Vivre en 2018, c’est être en quête de rapidité, afin de ‘gagner du temps’, et pourtant ne jamais avoir ce prétendu temps.
Vivre en 2018, c’est courir après l’argent, et perdre littéralement le sens de la valeur des choses.
Vivre en 2018, c’est avoir gommé les traces timides du lien entre l’homme et son créateur.
C’est pour échapper à cette forme d’amertume du monde que nous comptons le Omer.
Compter le Omer, c’est témoigner chaque jour que nous languissons Achem. Dans un monde où tout va vite, et où nous n’avons le temps de rien, nous pronons une coutume des plus archaïques : celle de languir.
Languir une chose, c’est palpiter d’excitation à l’idée que certains petits jours nous en séparent. C’est les compter, comme un enfant compterait les jours avant de recevoir un jouet. C’est oser scander haut et fort une réalité gênante : celle suivant laquelle il est bon de ne pas obtenir tout et tout de suite.
Une chose obtenue sans attente, c’est le temps qui l’a amenée, et c’est le temps qui l’emportera. Une chose obtenue dans l’attente, c’est une chose qui nous laisse un souvenir ineffable, celui d’avoir mis un peu d’espoir, un peu de nous-mêmes dans cette chose.
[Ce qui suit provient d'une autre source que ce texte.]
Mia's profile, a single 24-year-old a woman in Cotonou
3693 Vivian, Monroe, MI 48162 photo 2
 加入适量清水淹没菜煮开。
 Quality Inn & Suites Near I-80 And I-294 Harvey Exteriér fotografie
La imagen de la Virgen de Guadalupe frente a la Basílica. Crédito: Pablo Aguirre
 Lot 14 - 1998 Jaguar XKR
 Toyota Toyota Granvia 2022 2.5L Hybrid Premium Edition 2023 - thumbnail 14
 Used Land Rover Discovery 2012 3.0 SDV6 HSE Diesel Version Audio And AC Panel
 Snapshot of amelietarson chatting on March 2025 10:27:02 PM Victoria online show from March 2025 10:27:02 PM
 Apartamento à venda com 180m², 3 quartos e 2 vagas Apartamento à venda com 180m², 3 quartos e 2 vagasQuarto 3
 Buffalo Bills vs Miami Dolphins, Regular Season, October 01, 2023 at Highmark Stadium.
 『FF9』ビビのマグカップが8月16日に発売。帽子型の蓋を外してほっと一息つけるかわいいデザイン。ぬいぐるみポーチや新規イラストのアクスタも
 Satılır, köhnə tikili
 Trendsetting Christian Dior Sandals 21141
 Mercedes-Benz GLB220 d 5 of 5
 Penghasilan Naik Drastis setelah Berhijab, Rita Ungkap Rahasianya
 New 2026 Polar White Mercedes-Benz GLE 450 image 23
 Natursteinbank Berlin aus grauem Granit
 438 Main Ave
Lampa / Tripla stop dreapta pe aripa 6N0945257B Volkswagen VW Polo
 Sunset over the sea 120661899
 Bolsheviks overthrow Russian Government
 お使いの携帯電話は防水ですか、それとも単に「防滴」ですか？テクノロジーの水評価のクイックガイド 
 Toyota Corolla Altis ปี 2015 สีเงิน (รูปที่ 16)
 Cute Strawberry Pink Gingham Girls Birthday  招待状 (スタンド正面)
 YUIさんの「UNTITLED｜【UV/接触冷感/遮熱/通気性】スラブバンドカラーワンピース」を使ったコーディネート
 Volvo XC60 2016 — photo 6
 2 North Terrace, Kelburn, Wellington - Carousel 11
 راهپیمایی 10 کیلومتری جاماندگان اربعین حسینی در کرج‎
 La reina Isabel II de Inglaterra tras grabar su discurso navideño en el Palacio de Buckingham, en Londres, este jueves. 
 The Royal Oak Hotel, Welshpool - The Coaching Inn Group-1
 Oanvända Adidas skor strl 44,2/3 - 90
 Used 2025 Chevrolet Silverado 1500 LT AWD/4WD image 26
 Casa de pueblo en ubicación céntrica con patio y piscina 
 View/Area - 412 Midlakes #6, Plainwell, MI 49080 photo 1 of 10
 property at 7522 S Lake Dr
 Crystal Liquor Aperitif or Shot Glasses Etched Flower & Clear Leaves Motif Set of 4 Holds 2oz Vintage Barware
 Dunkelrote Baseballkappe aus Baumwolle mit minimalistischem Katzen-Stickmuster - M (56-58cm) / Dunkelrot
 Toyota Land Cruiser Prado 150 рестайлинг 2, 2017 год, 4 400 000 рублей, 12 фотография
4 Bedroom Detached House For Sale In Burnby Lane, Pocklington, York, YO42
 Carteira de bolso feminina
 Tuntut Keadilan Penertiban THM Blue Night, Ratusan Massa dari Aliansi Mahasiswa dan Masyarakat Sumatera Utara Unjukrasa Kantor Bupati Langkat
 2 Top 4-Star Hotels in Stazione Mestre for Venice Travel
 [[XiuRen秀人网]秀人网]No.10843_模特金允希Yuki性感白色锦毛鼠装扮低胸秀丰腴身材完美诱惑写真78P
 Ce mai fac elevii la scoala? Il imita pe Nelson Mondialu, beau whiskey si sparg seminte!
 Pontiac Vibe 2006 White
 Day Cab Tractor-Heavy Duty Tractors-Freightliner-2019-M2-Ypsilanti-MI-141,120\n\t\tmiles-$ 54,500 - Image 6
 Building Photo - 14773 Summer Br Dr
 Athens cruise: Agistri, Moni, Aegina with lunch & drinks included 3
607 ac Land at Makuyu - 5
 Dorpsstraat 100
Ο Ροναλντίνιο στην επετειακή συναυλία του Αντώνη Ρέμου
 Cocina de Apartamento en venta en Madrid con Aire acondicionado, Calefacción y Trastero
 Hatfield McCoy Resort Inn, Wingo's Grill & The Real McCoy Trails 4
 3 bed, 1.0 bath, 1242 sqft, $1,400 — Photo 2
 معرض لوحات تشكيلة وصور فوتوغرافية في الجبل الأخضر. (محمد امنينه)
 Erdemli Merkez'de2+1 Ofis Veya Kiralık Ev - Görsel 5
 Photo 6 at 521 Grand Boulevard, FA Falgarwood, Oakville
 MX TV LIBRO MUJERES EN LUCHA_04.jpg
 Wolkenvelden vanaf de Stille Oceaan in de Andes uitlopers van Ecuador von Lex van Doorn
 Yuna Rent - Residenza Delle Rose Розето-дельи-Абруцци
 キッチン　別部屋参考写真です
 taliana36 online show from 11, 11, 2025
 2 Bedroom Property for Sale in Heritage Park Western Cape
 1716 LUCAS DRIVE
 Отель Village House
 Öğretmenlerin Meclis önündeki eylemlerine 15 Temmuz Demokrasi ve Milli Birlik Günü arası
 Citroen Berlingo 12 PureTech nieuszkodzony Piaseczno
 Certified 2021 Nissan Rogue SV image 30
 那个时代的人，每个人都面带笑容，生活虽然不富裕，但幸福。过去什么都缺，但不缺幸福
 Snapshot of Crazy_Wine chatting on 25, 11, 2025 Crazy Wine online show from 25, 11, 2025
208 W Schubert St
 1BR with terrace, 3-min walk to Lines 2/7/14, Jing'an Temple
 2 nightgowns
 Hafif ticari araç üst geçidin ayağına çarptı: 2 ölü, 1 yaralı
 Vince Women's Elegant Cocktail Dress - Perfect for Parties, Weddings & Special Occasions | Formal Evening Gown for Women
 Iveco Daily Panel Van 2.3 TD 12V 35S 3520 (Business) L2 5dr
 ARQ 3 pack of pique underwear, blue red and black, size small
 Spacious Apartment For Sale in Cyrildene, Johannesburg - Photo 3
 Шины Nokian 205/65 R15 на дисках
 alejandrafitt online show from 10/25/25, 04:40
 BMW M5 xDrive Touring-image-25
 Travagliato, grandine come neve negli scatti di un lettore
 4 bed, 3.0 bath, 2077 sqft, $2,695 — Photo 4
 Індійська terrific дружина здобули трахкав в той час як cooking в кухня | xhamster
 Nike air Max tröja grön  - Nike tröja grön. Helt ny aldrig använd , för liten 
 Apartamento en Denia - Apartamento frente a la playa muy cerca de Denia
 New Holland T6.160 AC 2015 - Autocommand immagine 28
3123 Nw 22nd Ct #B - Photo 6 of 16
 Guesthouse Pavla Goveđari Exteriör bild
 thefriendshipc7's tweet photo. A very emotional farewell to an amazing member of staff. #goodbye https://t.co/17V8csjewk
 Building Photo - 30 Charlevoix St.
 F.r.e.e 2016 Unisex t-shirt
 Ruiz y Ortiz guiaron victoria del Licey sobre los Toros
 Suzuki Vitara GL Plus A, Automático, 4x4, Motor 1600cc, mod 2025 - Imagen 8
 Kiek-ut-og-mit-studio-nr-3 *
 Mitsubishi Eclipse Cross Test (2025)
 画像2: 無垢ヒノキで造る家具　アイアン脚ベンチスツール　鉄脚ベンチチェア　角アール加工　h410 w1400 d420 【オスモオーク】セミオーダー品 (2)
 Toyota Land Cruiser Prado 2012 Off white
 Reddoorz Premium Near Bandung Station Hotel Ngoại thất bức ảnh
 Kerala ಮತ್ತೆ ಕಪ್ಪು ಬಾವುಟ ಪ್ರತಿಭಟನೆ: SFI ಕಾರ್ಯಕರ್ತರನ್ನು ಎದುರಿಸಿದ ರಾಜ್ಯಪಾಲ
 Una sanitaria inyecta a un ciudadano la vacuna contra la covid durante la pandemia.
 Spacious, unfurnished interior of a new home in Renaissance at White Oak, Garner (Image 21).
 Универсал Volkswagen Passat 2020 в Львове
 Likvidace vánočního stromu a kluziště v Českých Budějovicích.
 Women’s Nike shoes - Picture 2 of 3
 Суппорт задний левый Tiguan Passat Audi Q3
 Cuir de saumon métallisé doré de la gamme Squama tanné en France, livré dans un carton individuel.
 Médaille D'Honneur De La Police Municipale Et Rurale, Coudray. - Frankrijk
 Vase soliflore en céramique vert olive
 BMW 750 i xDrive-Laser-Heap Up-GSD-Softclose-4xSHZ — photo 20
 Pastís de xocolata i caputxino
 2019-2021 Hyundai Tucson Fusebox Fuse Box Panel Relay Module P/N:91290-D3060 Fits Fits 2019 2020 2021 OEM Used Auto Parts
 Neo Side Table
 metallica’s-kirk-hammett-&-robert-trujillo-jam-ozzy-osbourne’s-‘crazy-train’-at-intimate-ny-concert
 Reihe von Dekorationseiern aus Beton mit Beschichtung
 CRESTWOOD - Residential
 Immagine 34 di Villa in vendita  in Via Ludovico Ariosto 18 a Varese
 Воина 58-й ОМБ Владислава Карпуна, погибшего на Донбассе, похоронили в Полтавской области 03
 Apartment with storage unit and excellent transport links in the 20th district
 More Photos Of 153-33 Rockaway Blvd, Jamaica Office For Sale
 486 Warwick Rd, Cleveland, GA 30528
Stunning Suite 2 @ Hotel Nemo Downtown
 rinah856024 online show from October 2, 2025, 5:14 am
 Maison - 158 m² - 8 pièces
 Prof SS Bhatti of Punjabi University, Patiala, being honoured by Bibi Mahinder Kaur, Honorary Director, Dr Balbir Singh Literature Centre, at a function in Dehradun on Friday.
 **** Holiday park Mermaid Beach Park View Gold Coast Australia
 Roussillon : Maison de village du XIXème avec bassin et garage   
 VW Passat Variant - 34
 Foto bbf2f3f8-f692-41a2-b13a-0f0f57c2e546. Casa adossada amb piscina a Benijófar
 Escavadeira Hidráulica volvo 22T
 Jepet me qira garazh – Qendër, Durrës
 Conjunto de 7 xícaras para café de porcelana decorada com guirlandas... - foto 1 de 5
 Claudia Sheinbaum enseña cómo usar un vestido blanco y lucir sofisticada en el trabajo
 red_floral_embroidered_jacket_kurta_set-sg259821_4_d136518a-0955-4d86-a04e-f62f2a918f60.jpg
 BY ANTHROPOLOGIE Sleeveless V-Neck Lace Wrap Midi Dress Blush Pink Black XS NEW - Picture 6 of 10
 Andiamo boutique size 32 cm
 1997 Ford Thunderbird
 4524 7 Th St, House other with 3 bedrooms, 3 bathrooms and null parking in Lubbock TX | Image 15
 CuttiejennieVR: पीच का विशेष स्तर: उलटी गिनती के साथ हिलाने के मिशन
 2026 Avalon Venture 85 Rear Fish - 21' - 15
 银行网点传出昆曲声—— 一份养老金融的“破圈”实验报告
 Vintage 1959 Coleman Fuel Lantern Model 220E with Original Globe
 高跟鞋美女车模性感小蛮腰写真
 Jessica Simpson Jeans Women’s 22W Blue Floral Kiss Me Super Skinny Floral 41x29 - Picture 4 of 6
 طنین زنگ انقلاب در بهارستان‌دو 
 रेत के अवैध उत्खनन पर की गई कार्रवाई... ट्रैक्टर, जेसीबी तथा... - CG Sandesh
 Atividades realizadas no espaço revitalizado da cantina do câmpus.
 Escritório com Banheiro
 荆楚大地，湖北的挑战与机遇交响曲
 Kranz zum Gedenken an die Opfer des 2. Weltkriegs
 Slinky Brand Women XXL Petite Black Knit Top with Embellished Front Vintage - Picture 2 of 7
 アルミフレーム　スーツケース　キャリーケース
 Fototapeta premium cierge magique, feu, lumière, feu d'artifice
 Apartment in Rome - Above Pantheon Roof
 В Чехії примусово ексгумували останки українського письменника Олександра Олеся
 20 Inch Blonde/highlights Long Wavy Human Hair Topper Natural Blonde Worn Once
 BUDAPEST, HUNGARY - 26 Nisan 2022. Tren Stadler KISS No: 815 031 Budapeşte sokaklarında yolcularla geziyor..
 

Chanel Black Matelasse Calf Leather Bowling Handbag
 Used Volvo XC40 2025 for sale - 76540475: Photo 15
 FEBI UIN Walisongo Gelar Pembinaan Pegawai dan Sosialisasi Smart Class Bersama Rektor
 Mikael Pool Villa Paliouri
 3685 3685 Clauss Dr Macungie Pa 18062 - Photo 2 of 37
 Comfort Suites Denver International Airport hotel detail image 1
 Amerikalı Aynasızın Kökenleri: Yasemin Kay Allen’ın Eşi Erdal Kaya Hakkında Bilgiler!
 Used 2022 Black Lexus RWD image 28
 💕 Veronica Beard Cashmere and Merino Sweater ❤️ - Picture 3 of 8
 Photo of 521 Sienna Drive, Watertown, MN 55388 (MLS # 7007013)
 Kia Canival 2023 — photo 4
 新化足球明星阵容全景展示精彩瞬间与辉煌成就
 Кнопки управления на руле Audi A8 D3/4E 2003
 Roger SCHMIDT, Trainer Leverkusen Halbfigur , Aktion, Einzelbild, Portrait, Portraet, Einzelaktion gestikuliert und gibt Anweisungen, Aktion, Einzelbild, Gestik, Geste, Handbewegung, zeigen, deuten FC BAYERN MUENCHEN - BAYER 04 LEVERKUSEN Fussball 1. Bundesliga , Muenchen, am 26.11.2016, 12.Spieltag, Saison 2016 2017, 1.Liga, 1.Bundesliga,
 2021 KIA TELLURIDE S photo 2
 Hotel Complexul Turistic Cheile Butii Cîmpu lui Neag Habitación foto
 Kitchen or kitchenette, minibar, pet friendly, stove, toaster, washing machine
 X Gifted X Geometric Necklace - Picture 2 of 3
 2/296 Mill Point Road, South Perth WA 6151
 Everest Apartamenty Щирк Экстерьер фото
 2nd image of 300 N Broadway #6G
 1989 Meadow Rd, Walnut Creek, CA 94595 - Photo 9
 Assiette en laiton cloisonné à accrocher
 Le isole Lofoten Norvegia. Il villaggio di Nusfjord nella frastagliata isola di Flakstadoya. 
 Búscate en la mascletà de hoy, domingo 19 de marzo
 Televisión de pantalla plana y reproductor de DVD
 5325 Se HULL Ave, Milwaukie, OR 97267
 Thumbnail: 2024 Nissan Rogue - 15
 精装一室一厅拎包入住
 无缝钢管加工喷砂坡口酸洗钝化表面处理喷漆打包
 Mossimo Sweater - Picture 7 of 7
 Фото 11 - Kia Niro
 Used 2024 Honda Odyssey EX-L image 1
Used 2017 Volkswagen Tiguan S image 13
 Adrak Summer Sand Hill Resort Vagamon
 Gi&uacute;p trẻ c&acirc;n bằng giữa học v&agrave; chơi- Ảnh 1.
Une coutume du Maroc veut qu’on distribue du sel le premier jour du Omer. Le sel ne pourrit pas et a en plus pour vertu de conserver les aliments. Il est le symbole de l’alliance avec Achem. Ne pas pourrir, c’est défier le temps. C’est défier la recherche de l’immédiateté. C’est garder un lien avec l’éternité.
Extrait du cours du rav Ifrah du 11.4.18, d’après les enseignements de Rabbi Na’hman.